Instructions for the task => Would you copy the listing below exactly, keeping the pictures out?

Data extract =>
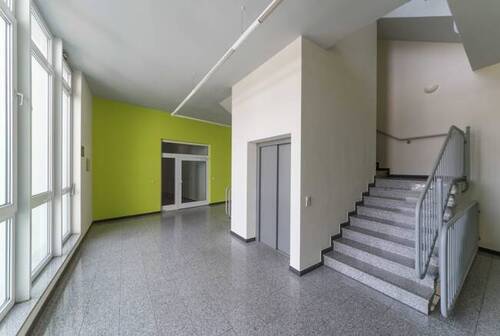 Hausflur - Büro zur Miete in Dresden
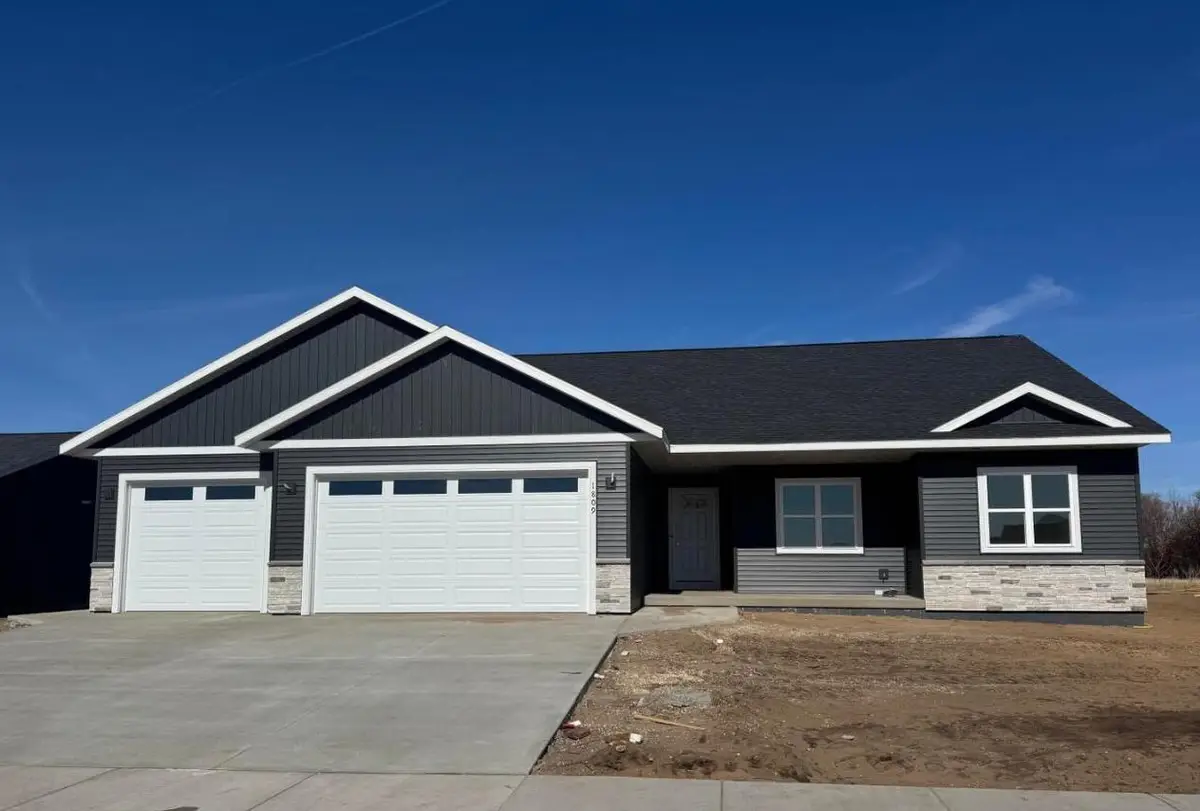 1348 Academy Dr, Holmen, WI 54636 - #1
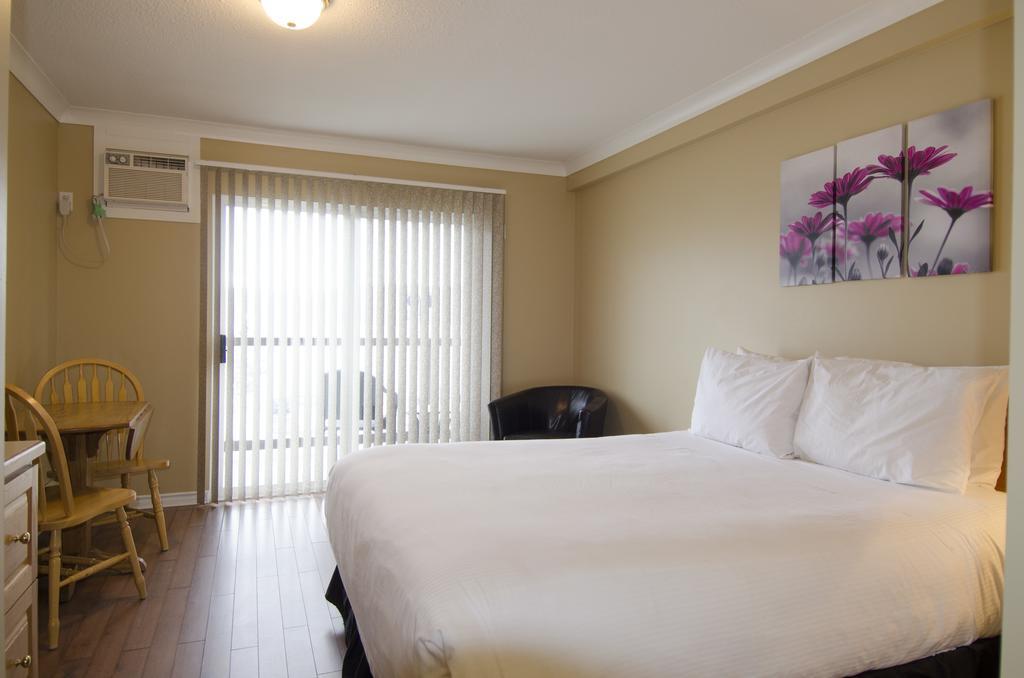 Tiki Shores Inn & Suites Penticton Værelse billede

Exercise response =>
 Hausflur - Büro zur Miete in Dresden
 1348 Academy Dr, Holmen, WI 54636 - #1
 Tiki Shores Inn & Suites Penticton Værelse billede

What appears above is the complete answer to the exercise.